Figure 1 Schematic of the washing, grinding and synthesis process. 

Figure 2 shows the synthesis scheme of the material, where the quantities of washed non-metallic material and the p.a. type reagents were used according to the following molar ratio:

10NaOH; 47SiO₂; 2Al(OH)₃; 14(C₂H₅)₂N; 1437H₂O

Addition of precursors followed the order: NaOH (99% MERCK), Al(OH)₃ (99%, SIGMA-ALDRICH), Diatomite, distilled H₂O and (C₂H₅)₃N (99.0% SIGMA-ALDRICH), see Fig. 2.

Figure 2 Synthesis of mordenite zeolite 

The structural characterization of the starting precursors and the obtained products was carried out using the X-ray diffraction technique in a Rigaku-Geigerflex equipment between 2 and 60° with a scanning speed of 2.00 °/min with a Cu lamp (Kα= 1.5406A).

RESULTS AND DISCUSSION

The X-ray diffraction spectra of the synthesis products called DM1 (Bella Vista) and DCB1 (Charaña) were run according to Figure 3.

The X-ray diffraction diffractograms shown in Figure 4 indicate that the natural starting precursors undergo a transformation into a zeolitic type material which was identified as the mordenite type zeolite.

Figure 3 Rx diffraction spectrum corresponding to: a) Raw Bella Vista Precursor, b) Bella Vista Precursor washed with H₂SO₄. 

Figure 4 Rx diffraction spectra of the obtained products: (a) Washed Bella Vista precursor, (b) Raw Charaña precursor.
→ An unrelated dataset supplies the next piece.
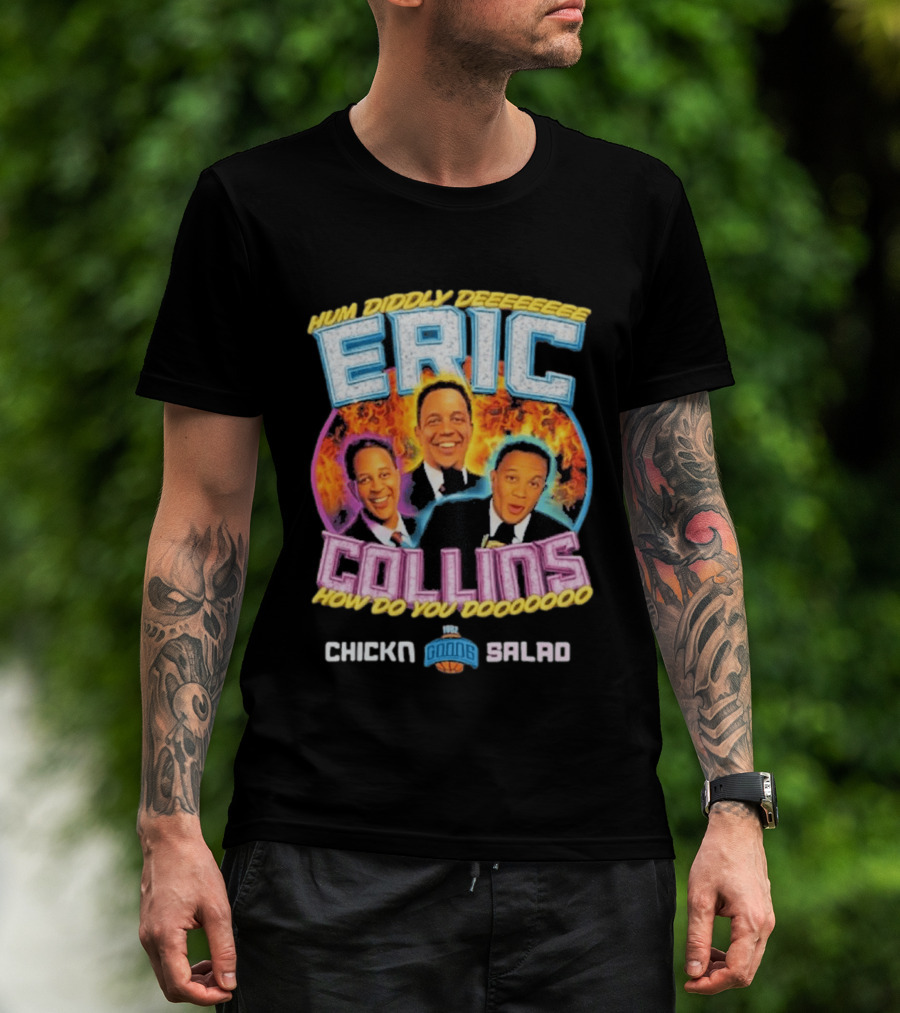 Eric Collins Hum Diddly Dee How Do You Do Chicken Salad T-Shirt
In blue lines, the XRD reference pattern of mordenite. 

Record (a) of Figure 4, Sample DM1, corresponds to the starting precursor treated and washed with sulfuric acid. The good development of peaks suggests a higher degree of crystallinity of the synthesized product, corresponding to peaks characteristic of mordenite. This means that during the synthesis process the precursor undergoes a transformation from an amorphous phase to a well-differentiated crystalline phase, as confirmed by the XRD results.

The results of Fig. 4 (b), sample DCB1 (Charaña), show that the synthesis product obtained also corresponds to the mordenite type phase, however, it is worth highlighting that the obtaining of this zeolitic phase is carried out using a precursor, Charaña diatomite, crude and without the previous acid washing treatment, which opens up a possibility of studying the application of this material.

CONCLUSIONS

- Mordenite synthesized from diatomites from the regions of Charaña (La Paz) and Bella Vista (Potosi), is of high purity, as deduced from the DRX spectra that demonstrate a high degree of crystallinity.

- Given the lack of natural zeolitic deposits in Bolivia, laboratory synthesis of mordenite is considered the beginning of a technical and economic feasibility study for its production on a larger scale, following its evaluation under experimental field conditions.

- The DRX results of sample DCB1 (Charaña) demonstrate that the synthesis product obtained also corresponds to the mordenite type phase, where the obtaining of these zeolitic phases from natural precursors is highlighted; in this case the raw Charaña diatomite without the respective acid washing treatment, which opens up the possibility of more development of this material.

Additional synthesis tests will be performed, first to optimize process performance under laboratory reactor conditions, and then to investigate scaling criteria that allow optimal operating conditions to be replicated at larger production scales (bench scale).